L’analyse en continu par l’IA permet de surveiller la qualité de l’air (CO2, humidité, composés organiques volatils – COV) et ajuste la ventilation en conséquence, avec un impact positif sur la santé des occupants. Elle peut aussi être utilisée pour personnaliser l’environnement intérieur en apprenant les préférences des occupants (température, éclairage, bruit), en renforçant la sécurité ou en détectant les anomalies. Cette observation fine permet aussi d’optimiser l’utilisation des lieux : en analysant les flux et les habitudes, l’IA suggère des réaménagements pertinents des espaces partagés. Le bâtiment devient ainsi plus qu’une simple structure : c’est un environnement vivant qui s’adapte en continu pour offrir bien-être et confort à ses occupants.
Vous êtes spécialiste de la Lean Construction². Comment s’intègre-t-elle à l’utilisation de l’IA ?
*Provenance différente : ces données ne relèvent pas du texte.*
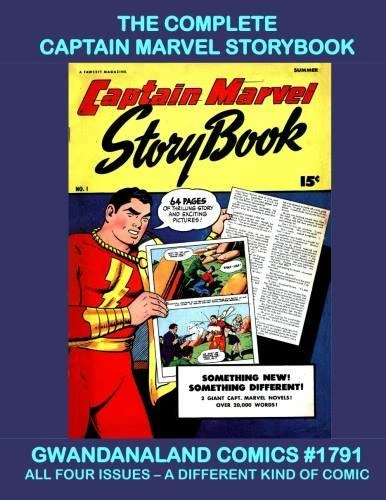 Cover of The Complete Captain Marvel Storybook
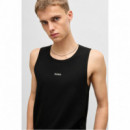 HUGO Camiseta Negra 50542089-001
La Lean Construction vise à maximiser la valeur et minimiser les gaspillages. Couplée à IA, qui automatise l’analyse, la planification et l’exploitation technique, vous gagnez naturellement en performance. Par exemple, vous pouvez spécifier que pour une semaine particulière, dans une zone spécifique, vous avez besoin de trois grues, de certaines ressources et de besoins énergétiques spécifiques sur votre chantier. Avec ces données, l’IA vous offre une analyse précise et optimale de la gestion des ressources globales ou spécifiques (un lieu ou une ressource donnés sur une période donnée). Le gain de temps et la maximisation de la prise de décision sont considérables. L’autre objectif de la Lean Construction est d’obtenir de la transparence et une compréhension plus fine du projet. Sur ce sujet, l’IA, grâce aux données, peut améliorer la compréhension grâce à une vision plus exhaustive, et ouvrir même la porte à des alternatives de conception.
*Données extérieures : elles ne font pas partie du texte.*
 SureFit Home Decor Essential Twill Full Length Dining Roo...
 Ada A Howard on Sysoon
Les mots de la construction durable / LEAN CONSTRUCTION²Inspirée du Lean Management, la Lean Construction est une approche de gestion de projet visant à maximiser la valeur et minimiser les gaspillages dans la construction. Elle se concentre sur l'optimisation des processus, l'élimination des tâches inutiles et l'amélioration continue. Elle permet de limiter l'utilisation des ressources (matériaux, énergie, temps), de réduire les déchets, de minimiser l'impact environnemental des chantiers et d'améliorer la collaboration entre les différents acteurs du projet. En favorisant la transparence, la communication et la résolution collaborative des problèmes, la Lean Construction contribue à des projets plus efficients, plus rentables et plus respectueux de l'environnement.
Face aux défis et opportunités de l’IA, quelles tendances vous rendent optimiste pour un environnement bâti plus durable ?
Pour moi, l’objectif, à long terme, serait celui de la construction d’une base de données constamment alimentée par des datas anonymisées et statistiques, gérée par un organisme neutre, pour éclairer les décisions et accélérer la transition vers une construction plus durable. En exploitant les forces de l’expertise humaine et de la technologie de l’IA, l’industrie de la construction peut progresser vers des résultats plus durables, rapidement.
Achevé en 2023 à Berlin (Allemagne), le Edge East Side est un immeuble de bureaux connectés, conçu par les cabinets Barkow Leibinger et Eike Becker Architekten. Il intègre des outils de monitoring et d’automatisation des performances énergétiques qui ajustent les systèmes d’exploitation en temps réel pour maximiser l'efficacité et le confort.